Elizabeth Scalia on Homosexuality

Over at First Things, Elizabeth Scalia has a thoughtful post on homosexuality.  I confess that I often find her too snarky and almost didn't click on the link.

In fact, snark is where she begins, rolling her eyes at an awards-show winner, as he claims exuberantly that gays are "exceptional people."  But then she pauses, and wonders...
Perhaps homosexuals are in fact “special and exceptional others,” whose distinctions are meant to be noted. Perhaps they are a “necessary other” created and called to play a specific role in our shared humanity...
I have a theory that our gay brothers and sisters are, in fact, planned, loved-into-being “necessary others,” and that they are meant to show us something of God from a perspective that we cannot otherwise broach...
If that is so, our homosexual brothers and sisters deserve a full participation in our human adventure, right down to the “plans of fullness, not of harm; to give you a future and a hope.”
But those plans, in the life of every fully-engaged human, involve not just gifts but also challenges, not just “yes” but also “no,” not just satisfaction, but also sacrifice, not just ourselves but also obedience. That’s the fullness; it comes from embracing the plan, but it is not easy.
What she is saying, I think (but check out the comments, they're all over the place), is that being gay is a gift from God that comes with a special mandate to love -- and, I suspect, she'll add that that such love is only fully realized as the gift it is when it is expressed in ways other than having sex.  Indeed, if being out means being sexually active, Scalia argues (crediting Camille Paglia) that gay artists work best in the closet.

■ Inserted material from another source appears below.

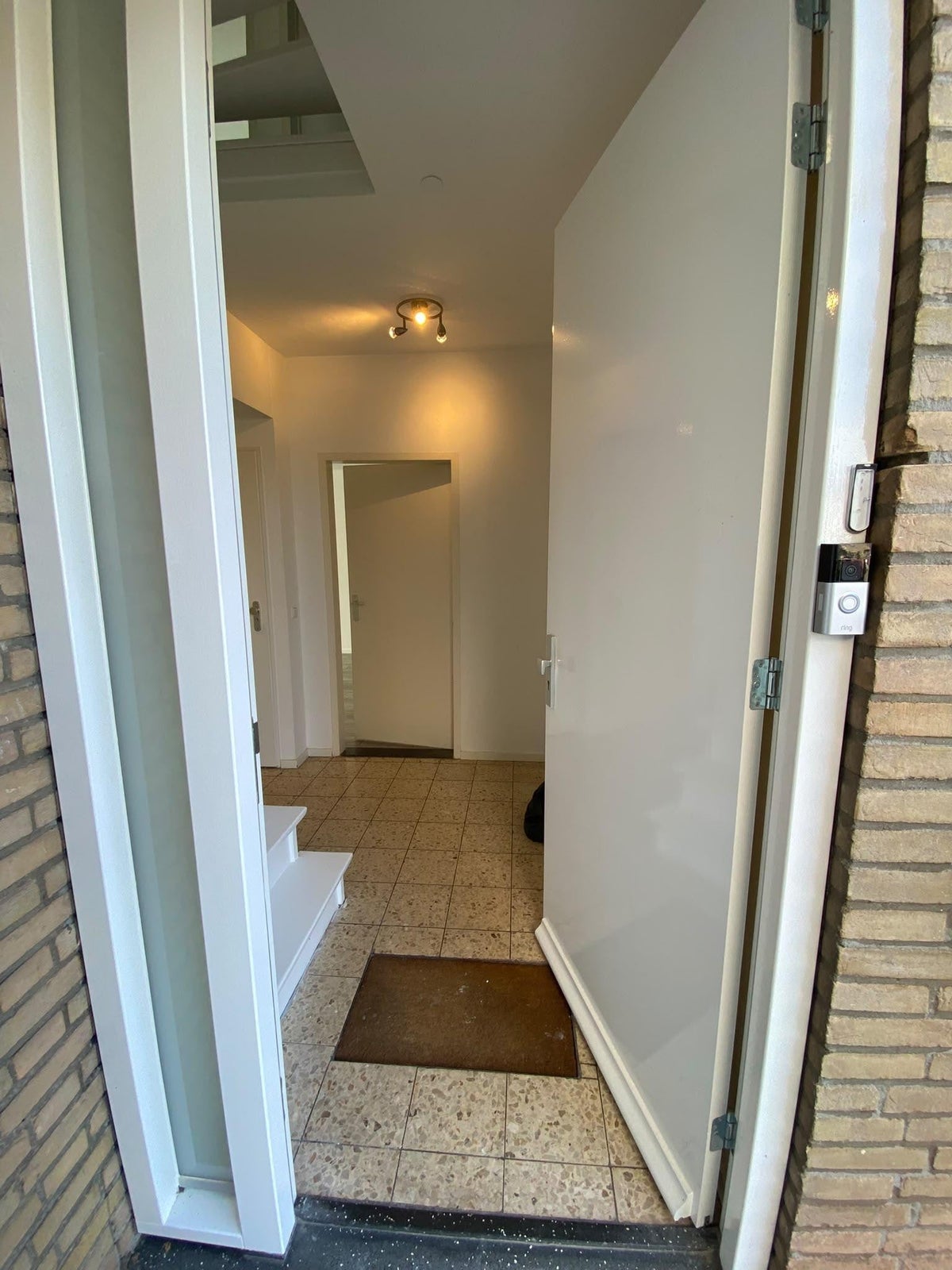 Huis Paemhofstraat 4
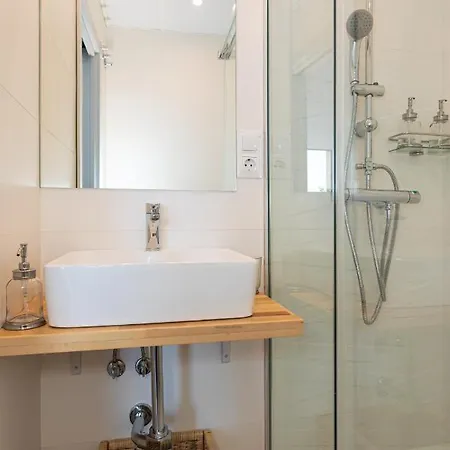 Mar Infinito. With Dream Views טורמולינוס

Maybe I mis-read her.  I agree with her that gender identity and sexual orientation are primary modes of being human, not social constructs that can be endlessly deconstructed. So then, if hetero-sexual sexual activity is primarily about procreation, must a same-sex orientation be primarily about something other than sexual activity?

Or is it possible that same-sex sexual activity is the "necessary other," part of plan of the "fullness" of sexuality?

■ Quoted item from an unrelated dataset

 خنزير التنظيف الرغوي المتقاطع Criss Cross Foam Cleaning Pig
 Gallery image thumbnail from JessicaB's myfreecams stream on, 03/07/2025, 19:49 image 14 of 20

I am not sure.  I do appreciate that Scalia is assuming that there is a particular integrity in the same-sex orientation, and asks, in a careful way, what it might be.

But still, I wonder about the potential extension of this argument as, in the background, I hear an application of it to another "very special" group, women, whose form is claimed to be so special that it literally cannot receive the sacrament of holy orders.

Hmmmm. What if most of us are "necessary" "others?"  Necessary to whom?